--- The input Enclosed Below ---

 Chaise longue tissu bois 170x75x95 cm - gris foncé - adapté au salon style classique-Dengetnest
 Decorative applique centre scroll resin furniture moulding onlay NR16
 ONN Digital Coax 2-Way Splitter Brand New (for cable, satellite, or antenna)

--- End of Enclosed The input ---
--- The input Enclosed Below ---

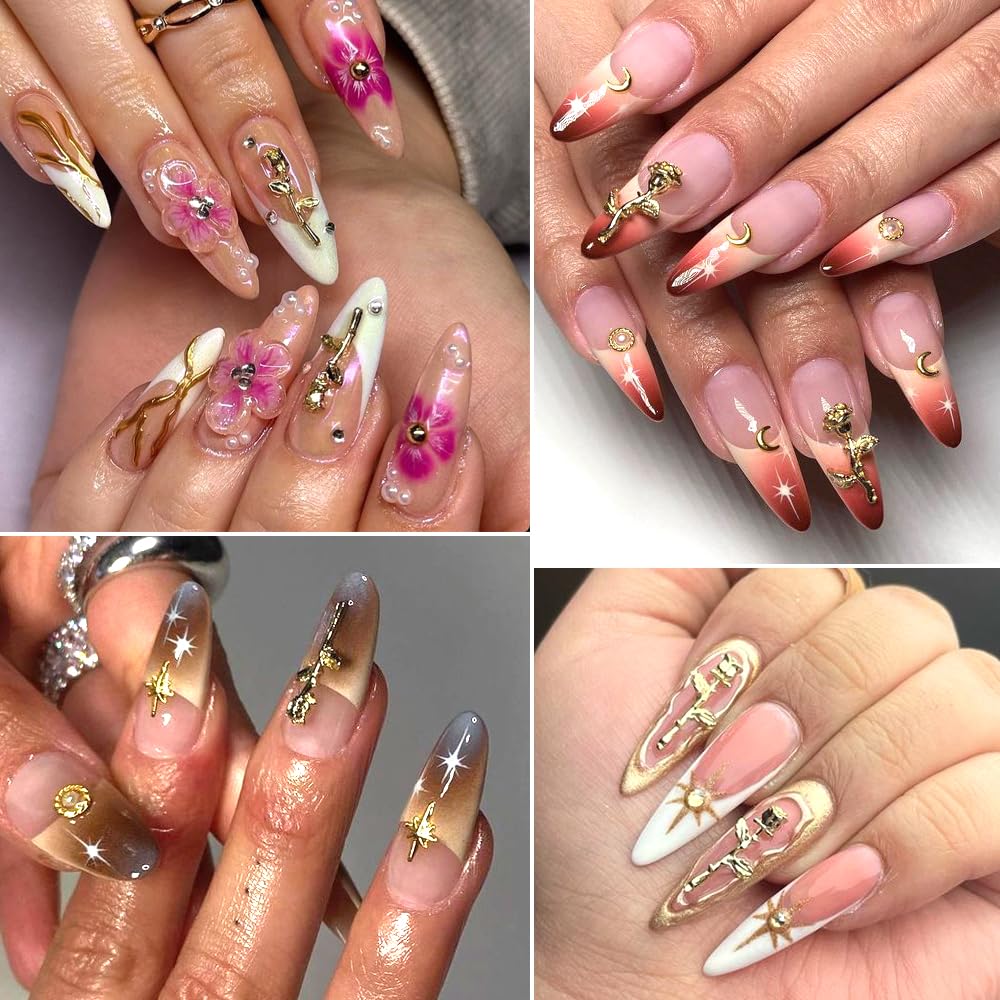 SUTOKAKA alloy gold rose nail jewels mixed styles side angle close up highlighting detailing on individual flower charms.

--- End of Enclosed The input ---

#### [Exercise goal]
Please return the lines above that run from the line containing "Chaise longue tissu" to the line containing "ONN Digital Coax", inclusive, exactly and with no other lines.

#### [Exercise result]
 Chaise longue tissu bois 170x75x95 cm - gris foncé - adapté au salon style classique-Dengetnest
 Decorative applique centre scroll resin furniture moulding onlay NR16
 ONN Digital Coax 2-Way Splitter Brand New (for cable, satellite, or antenna)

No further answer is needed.